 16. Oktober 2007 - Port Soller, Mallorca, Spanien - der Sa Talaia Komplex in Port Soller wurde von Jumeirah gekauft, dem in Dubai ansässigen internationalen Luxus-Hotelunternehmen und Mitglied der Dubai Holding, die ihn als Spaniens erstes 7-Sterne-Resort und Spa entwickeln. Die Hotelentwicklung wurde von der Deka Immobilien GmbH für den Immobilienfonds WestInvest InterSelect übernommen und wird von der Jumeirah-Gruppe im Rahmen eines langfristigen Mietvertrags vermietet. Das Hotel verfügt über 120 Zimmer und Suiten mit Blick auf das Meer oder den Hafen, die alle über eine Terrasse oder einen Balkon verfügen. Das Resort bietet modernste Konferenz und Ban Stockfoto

---

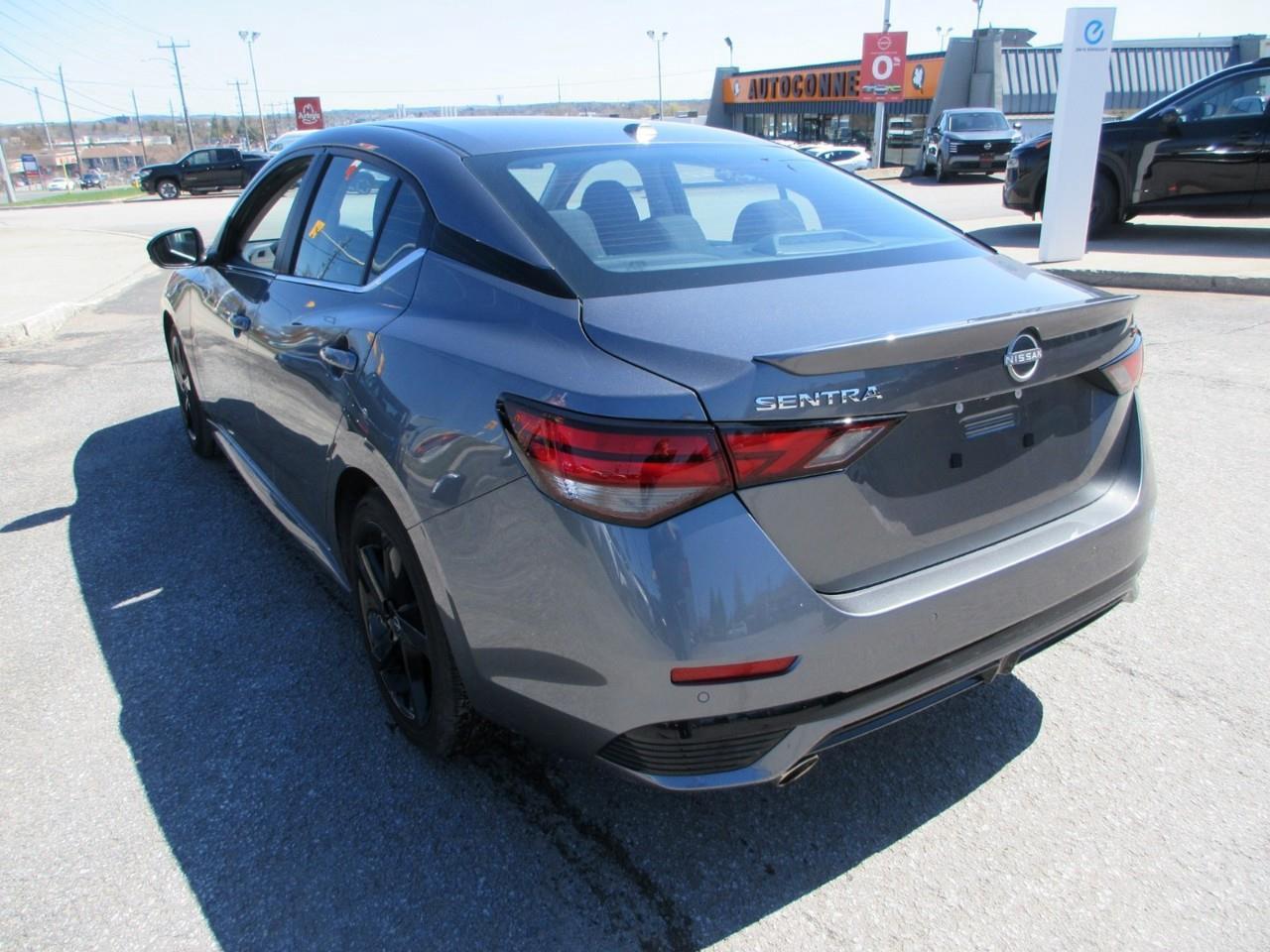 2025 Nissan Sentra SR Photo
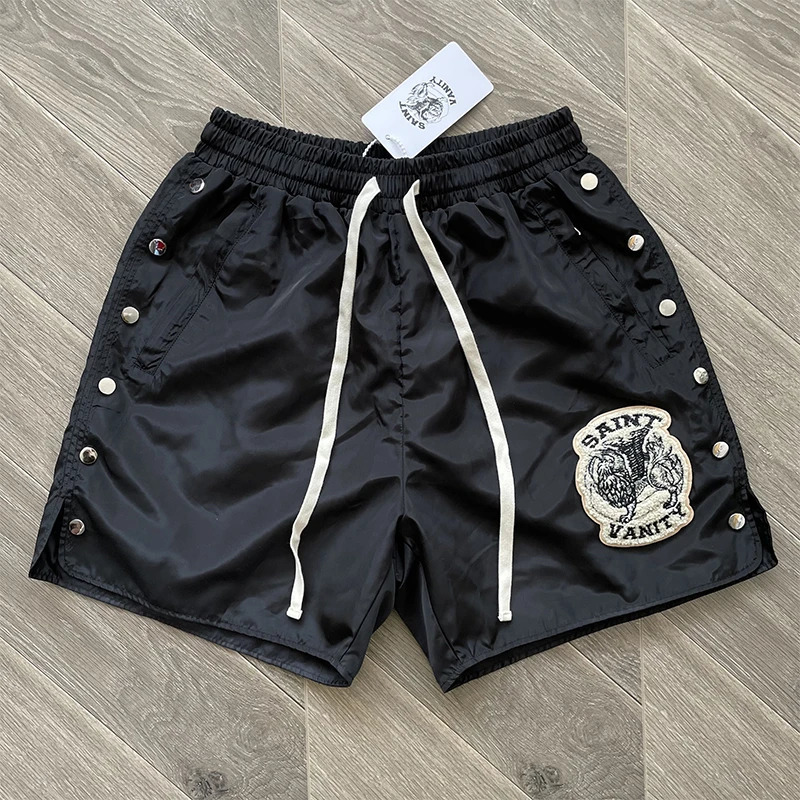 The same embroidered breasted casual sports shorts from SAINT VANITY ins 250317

---

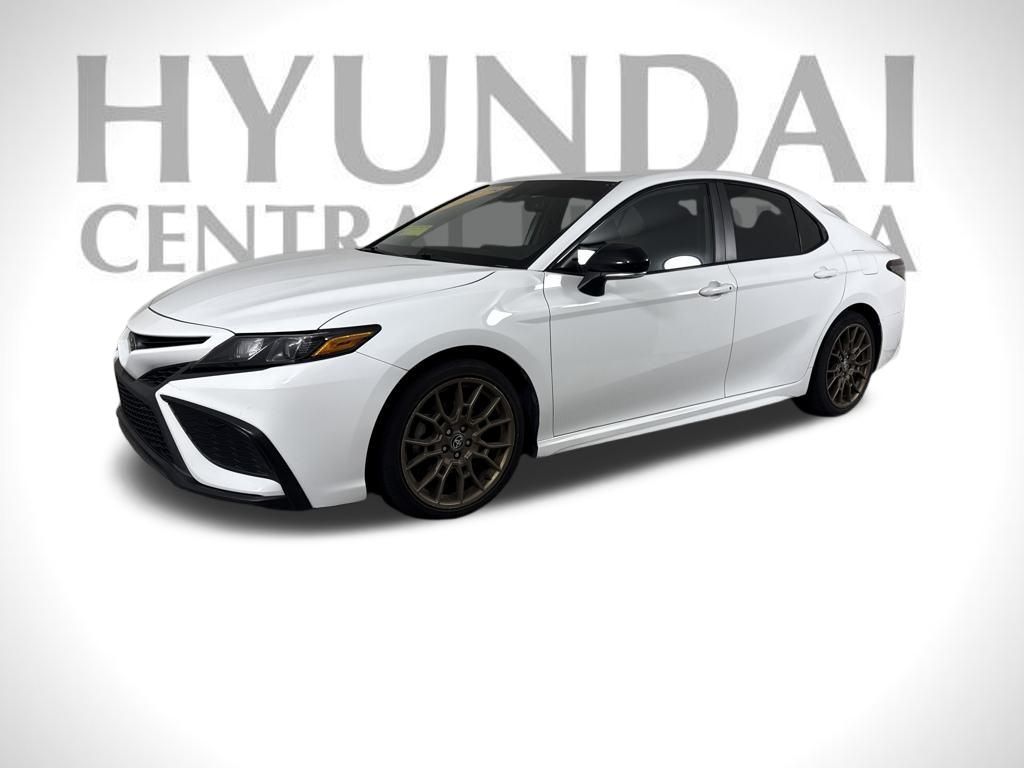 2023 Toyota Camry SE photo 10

TASK GOAL -
Look above and copy only the lines from the one holding "2025 Nissan Sentra SR Photo" to the one holding "The same embroidered", both included, exactly, minus the pictures.

TASK RESULT -
 2025 Nissan Sentra SR Photo
 The same embroidered breasted casual sports shorts from SAINT VANITY ins 250317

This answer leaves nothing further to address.